Let $T$ be the set of torsion elements in R. Prove that the only torsion element of $R/T$ is $0$.

Question

An element $a$ of a ring $R$ is said to be a torsion element if there exists a positive integer $n$ such that $na = 0$; in other words, $a$ has finite order if we view $R$ as a group under addition. For example, if $R = \mathbb{Z}/5$ then every element is torsion; if $R = \mathbb{Z}$, then $0$ is the only torsion element.

Let $T$ be the set of torsion elements in $R$. Prove that the only torsion element of $R/T$ is $0$.

I am trying to suppose that there is a non-zero torsion element in $R/T$, and by showing that the preimage of element is in $T$ hence it is zero. Thus we may get a contradiction.

But how to prove that? May I ask for steps? Am I on the right track?

Thanks in advance!

Answer 1

Let $a+T(\neq T)\in R/T$ be a torsion element .So $a\notin T$

Then for all $n\in \Bbb N$ we have $na\neq 0$.

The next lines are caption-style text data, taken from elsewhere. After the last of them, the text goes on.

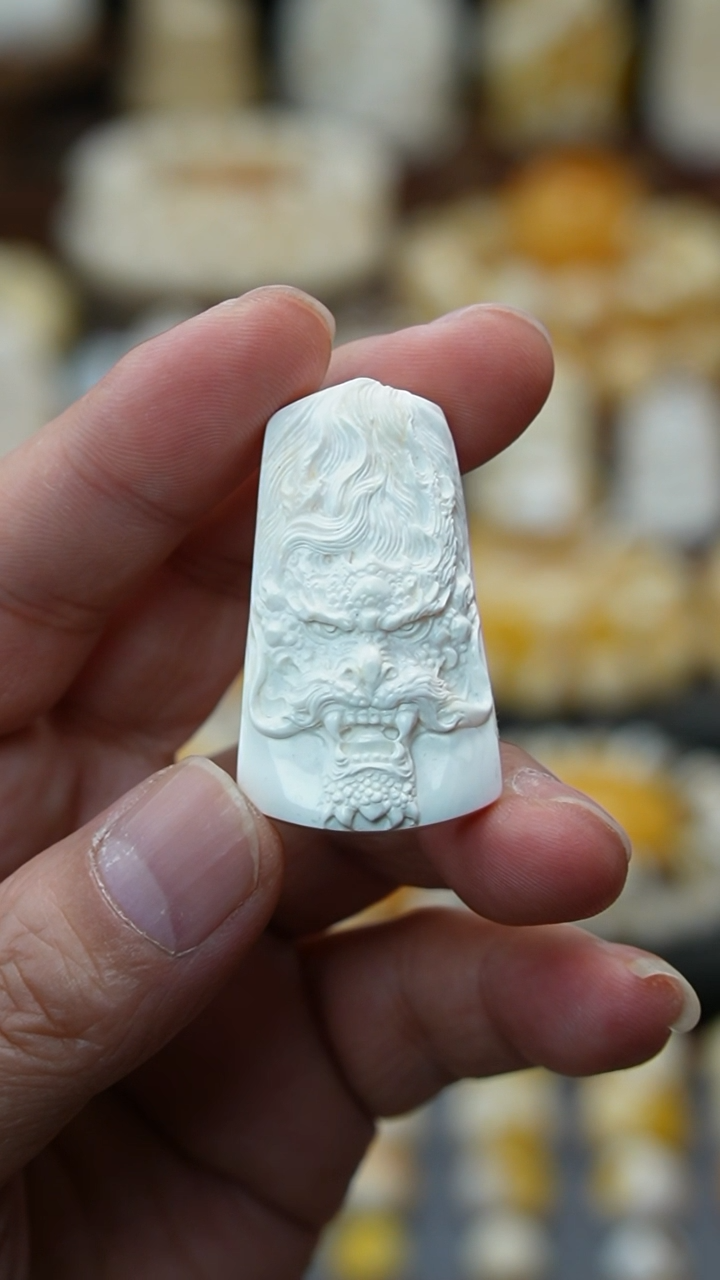 【闪购商品】琥珀裸石未镶嵌胡玩珠宝天然原矿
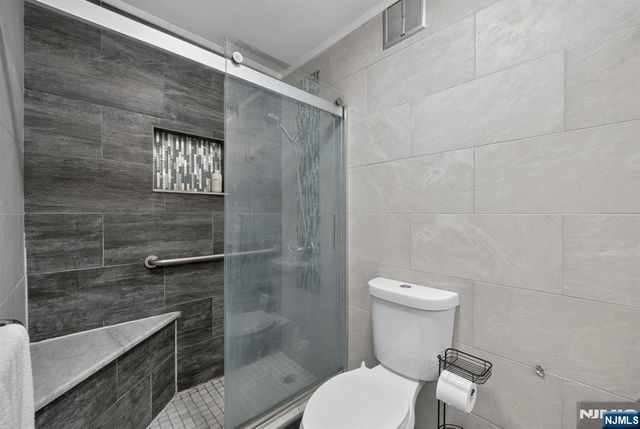 300 Winston L22, Cliffside Park, NJ 07010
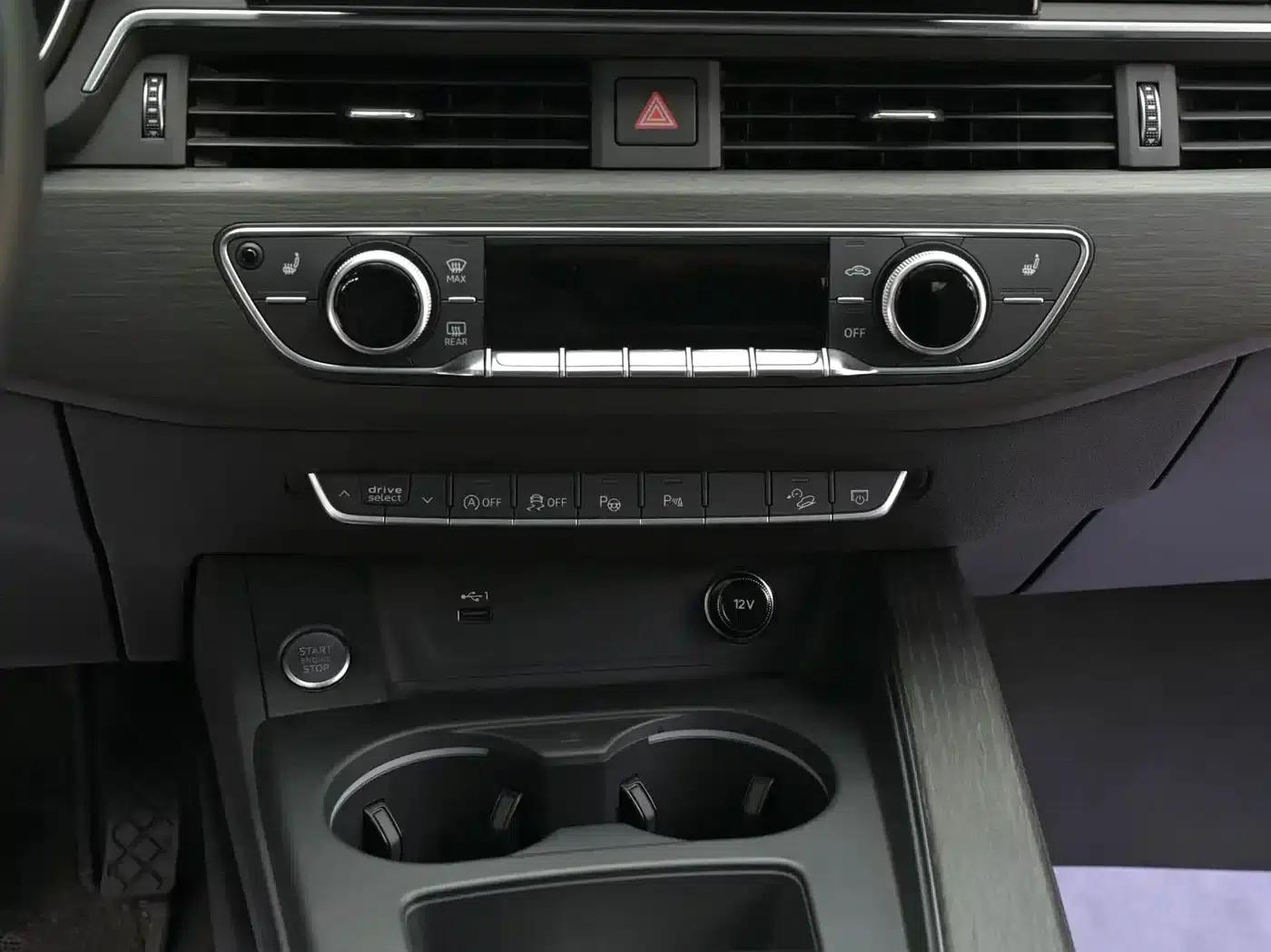 2021 Audi A4 allroad quattro (Imported) — миниатюра 10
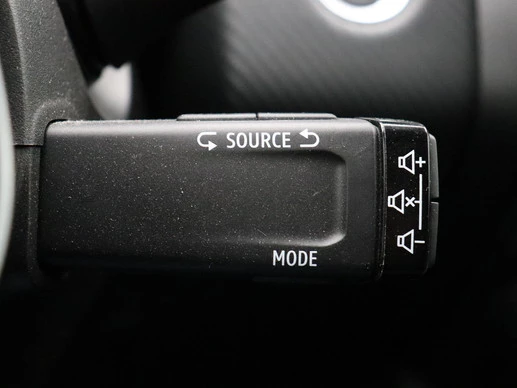 Renault Clio - Afbeelding 25 van 30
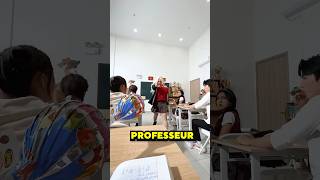 Le professeur la punie au tableau mais quelque chose de choquant s’est ensuite passé  😱 [upl. by Nalehp]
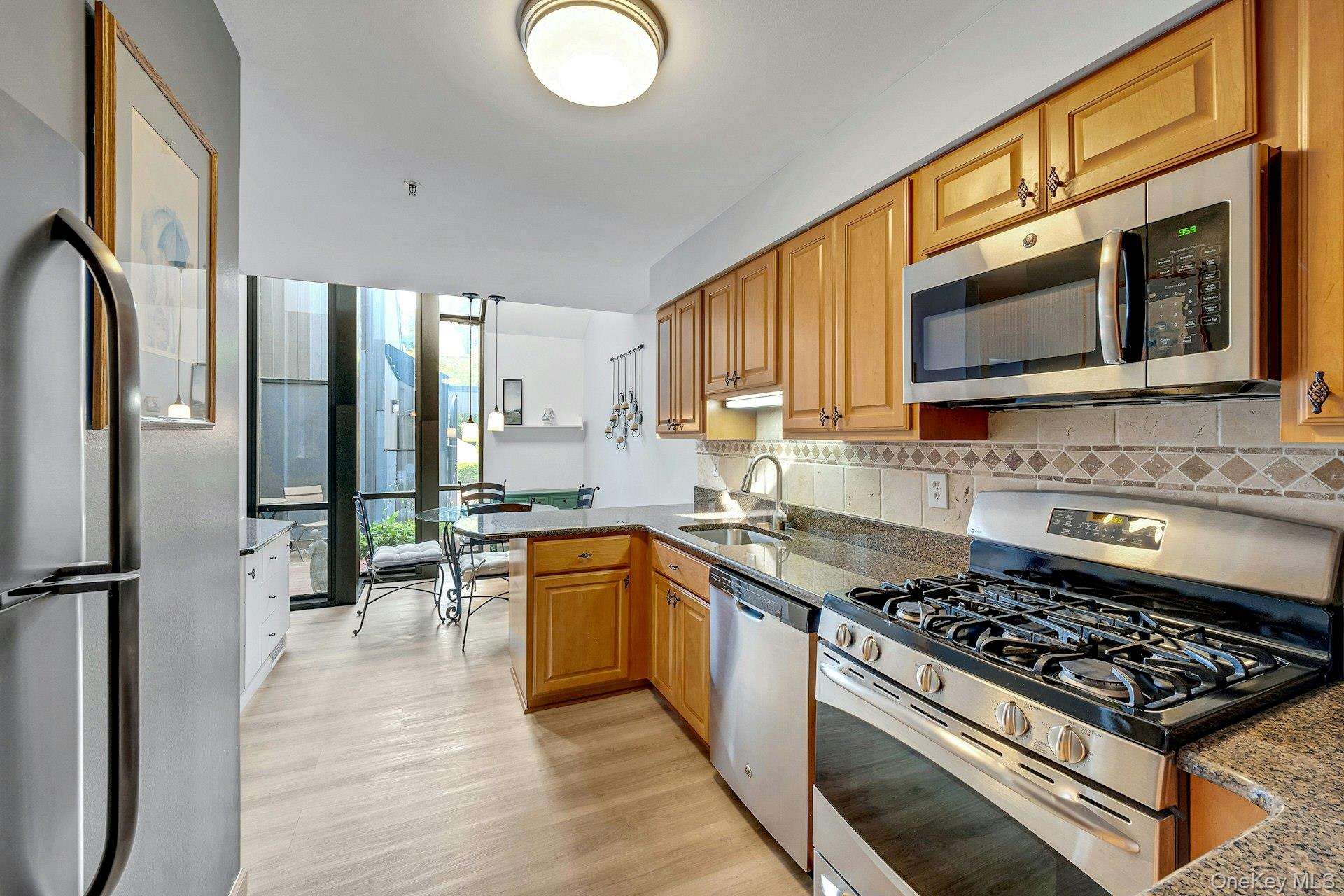 193 Stone Oaks Drive, Hartsdale, NY 10530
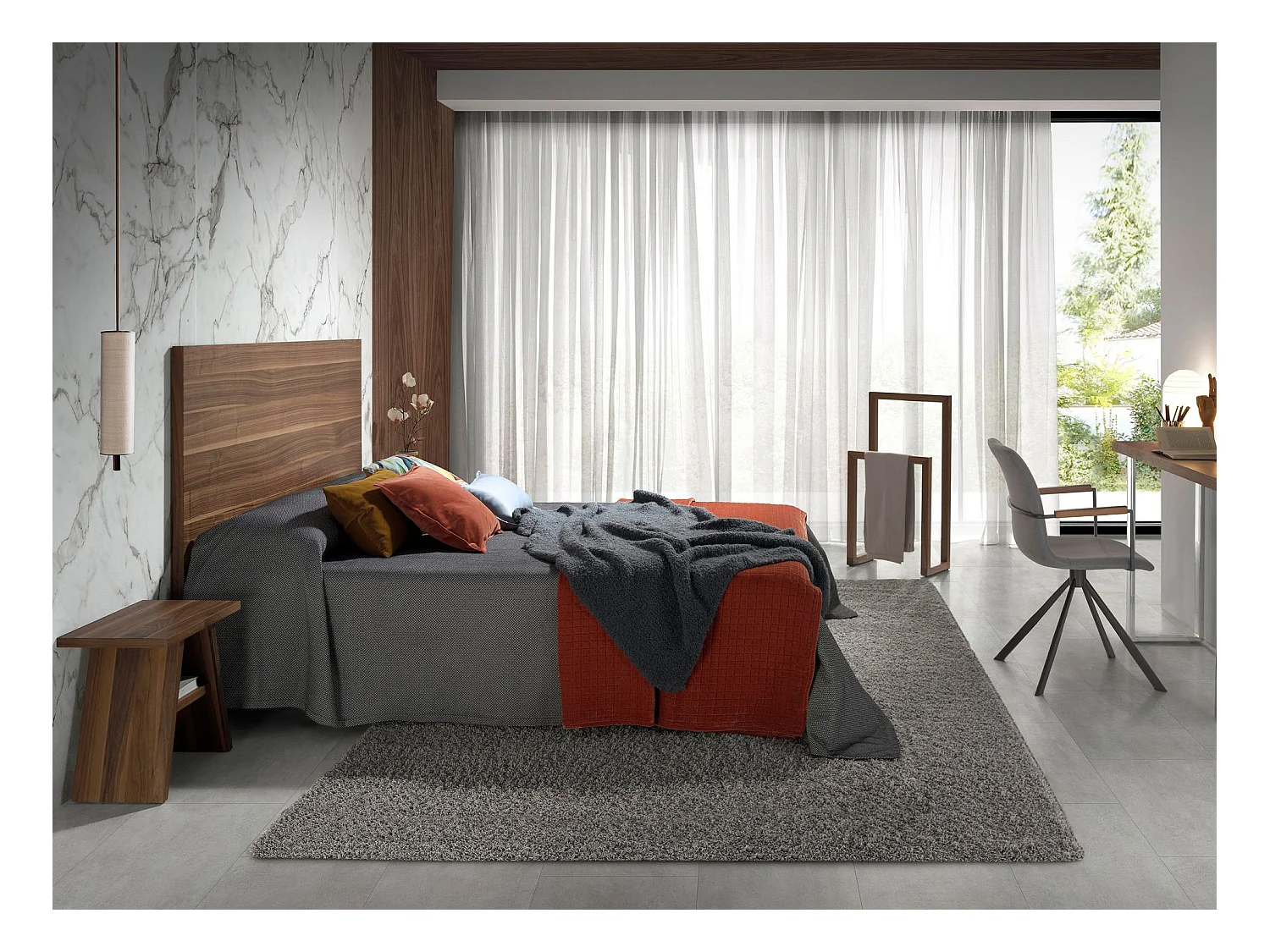 Nachttisch aus Kiefernholz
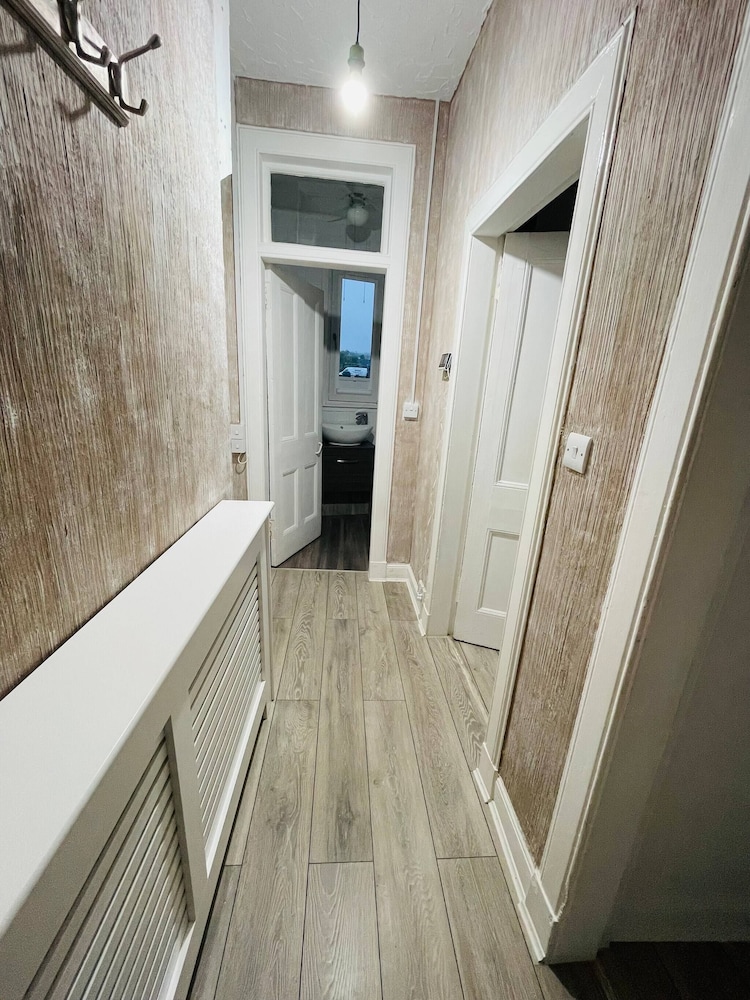 1 Bedroom Pet Friendly Apt Wd Free Wifi, Parking, Netflix & Pool Table. Sleeps 3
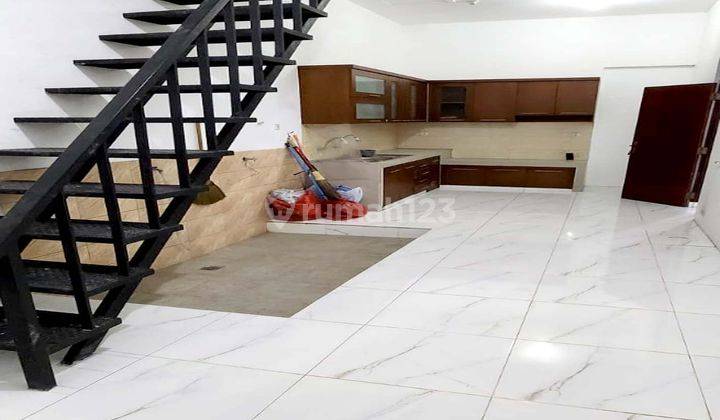 Rumah Cantik Siap Huni Taman Aries Meruya Utara Jakarta Barat 4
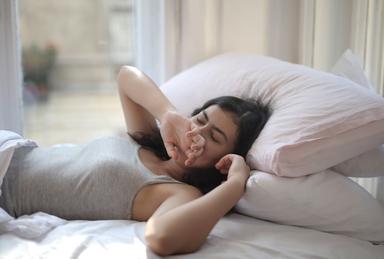 Как восстановить режим сна? И как нерегулярный сон влияет на организм?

Hence $\exists m\in \Bbb N$ such that $m(a+T)=T\implies ma+T=T\implies ma\in T\implies k(ma)=0\implies (km)a=0$

which is false as for all $n\in \Bbb N$ we have $na\neq 0$.

Answer 2

Suppose that $\overline{r}\in R/T$ is a torsion element, then there is some positive integer $n$ such that $n\overline{r}=\overline{0}$. So $\overline{nr}=\overline{0}$ and hence $nr\in T$. This means that there is some positive integer $m$ such that $m(nr)=0$, thus $(mn)r=0$. Therefore $r\in T$ and we get $\overline{r}=\overline{0}$.